The film packs plenty of resonating themes in a short timeframe, which is fitting for the overall message this story conveys about time itself. The relationship drawn between the concept of time travel and the fragility of life is beautifully depicted. The concept never overpowers the story; it has the opposite effect, where the characters and the family dynamics ground the sci-fi elements. Pasta’s direction, in addition to the screenplay he co-wrote with Nessa Aref, highlights intimate moments of being alone with your thoughts. You spend enough time with Imran’s character to understand he is quietly processing different stages of grief — from regret and anxiety, to much deeper realizations and his urge to understand as much about his dad as possible when presented the opportunity. Time travel as a plot device is used so intimately here, and is a touching reminder that the very concept of time after losing a loved one can be indistinguishable. Days blend together and before you know it, a year has passed. The abyss of grief can feel as though life has come to a standstill. “Desi Standard Time Travel” hits pause on the fast-forwarding of life in its unwavering focus on a father and son opening up to each other. Their emotional vulnerability, played beautifully by Adolyn H. Dar and Ali Kazmi, invites you to reflect on how present you are with your own loved ones.

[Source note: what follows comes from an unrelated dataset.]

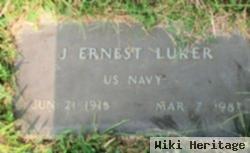 Jesse Ernest Luker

Which particular moment in your parents’ life would you revisit, or want to learn more about? “Desi Standard Time Travel” poses just as many if not more questions than answers. Through an intimate use of the time travel concept, the film shines at its own pace and sparks moments of personal reflection. It’s a deeply personal story of second chances, new beginnings, and making memories full of joy. The decision to take the story back to before Imran was born stresses his parents’ individuality and particularly his father’s nerves about becoming a parent. The nostalgic warmth that radiates from Imran’s childhood home conveys a home full of love and possibility for what the next day will bring. "Desi Standard Time Travel" leaves you in a state of deep appreciation and wonder for the most cherished relationships in life.
“Desi Standard Time Travel” has screened across film festivals in Canada, and won a variety of awards including Best Short at Toronto Reel Asian. The film is currently in contention for a Canadian Screen Award this year; nominations will be announced on February 22.
A still from "Wendell & Wild"
From the brilliant visionary behind “Coraline,” “The Nightmare Before Christmas,” and “James and the Giant Peach” comes another dark stop-motion animation picture. Director Henry Selick is back in his element with “Wendell & Wild,” an entertaining coming-of-age fantasy that comes thirteen years after his previous film. Is it worth the wait? While not as terrifying as the button-eyed nightmare fuel in “Coraline,” the director once again proves his artistry in an awe-inspiring sub-genre of animation. His signature spooky style is crawling all over “Wendell & Wild,” which introduces an exciting collaboration between Selick and co-writer Jordan Peele for a tale of inner demons. Peele’s insightful humor and remarkable experience in the horror genre shine with something to say. There is plenty to admire in the sprawling ambition of the story, and the stunning handmade animation that brings creative ideas to life. Clever punk elements add layers to a recurring core theme of rebellion. The world-building is vivid, and the characters are fun, but the story is over-packed with subplots. “Wendell & Wild” stands out as a horror-comedy that fulfills its animated promise, only leaving you wanting more focus on the story.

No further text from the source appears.